Early this next week I'll be heading up to Bellingham, WA from my home in Trout Lake, WA (in the Columbia Gorge) and figured I'd ride my Vision up there. I'm gonna try to aviod I-5 at all costs but may have to do a few miles on that dreaded interstate. My bike is fine going fast until I get up to about 75-80mph when the buzzing really kicks in (@6K rpm). My plan was to head up to the town of Rainier NW of Portland and cross the Columbia into Longview. Then take 411 up toward Chehalis and onto I-5 for about 20 miles eventually tying into 101 up to Port Townsend. Then across to Whidbey Is. on the ferry, up through Anacortes, Chuckanut Dr. and into Bellingham. I just wondered if anyone out there had any advice, road reports, etc for that route. I took my V into Portland and back last weekend and she ran beautifully, hopefully this trip will be as good. I did get some black sheepskin to make a seatcover and I'm gonna get some sports grip tape to pad my grips a bit so it's not so buzzy.

tryder

Well, didn't end up riding the V. I did drive the same route I would have ridden but it poured rain almost the whole way up. Would have been a miserable ride. The road up Hood Canal and over Whidbey Is. to Bellingham would be a great bike ride. Maybe I'll try it again in a month or two.

h2olawyer

Too bad about that wet northwest weather.  We've had quite a bit of it here in (formerly) parched Colorado.  There were even 2' snow drifts on Trail Ridge Road through Rocky Mountain National Park a couple days ago.  Had the road closed for most of the day until they got it cleared off.  We've been about 10 ~ 20 degrees below normal here for most of August.

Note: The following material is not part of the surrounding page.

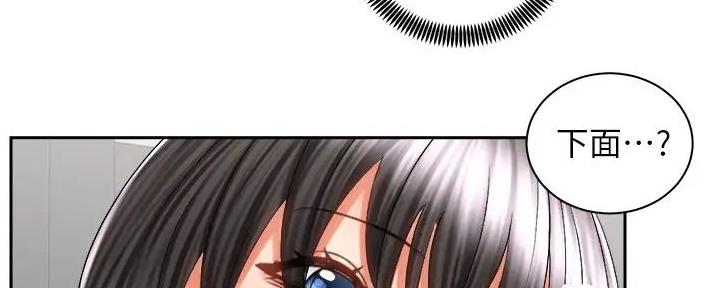 骑单车的爱好好吗漫画,第30话2图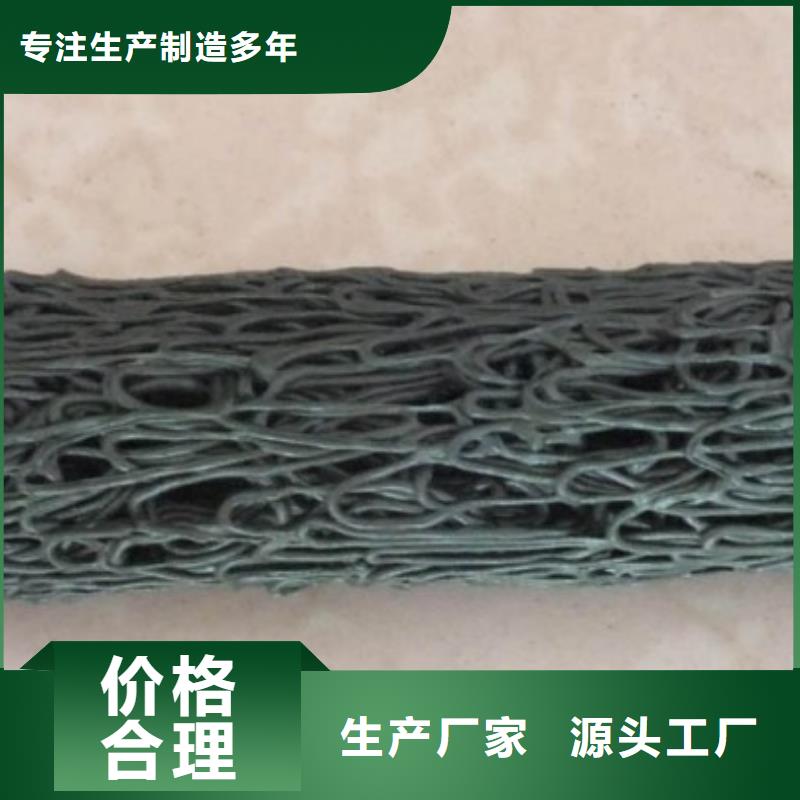 塑料盲沟_长丝土工布品质值得信赖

Hope you can get that ride in soon.  I was in that area (Poulsbo) a few years ago for a wedding.  Looked like great bike riding roads if they were ever dry!

H2O
If you have an accident on a motorcycle, it's always your fault. Tough call, but it has to be that way. You're in the right, and dead -on a bike. The principle is not to have any accident. If you're involved in an an accident, it's because you did not anticipate. Then, by default, you failed.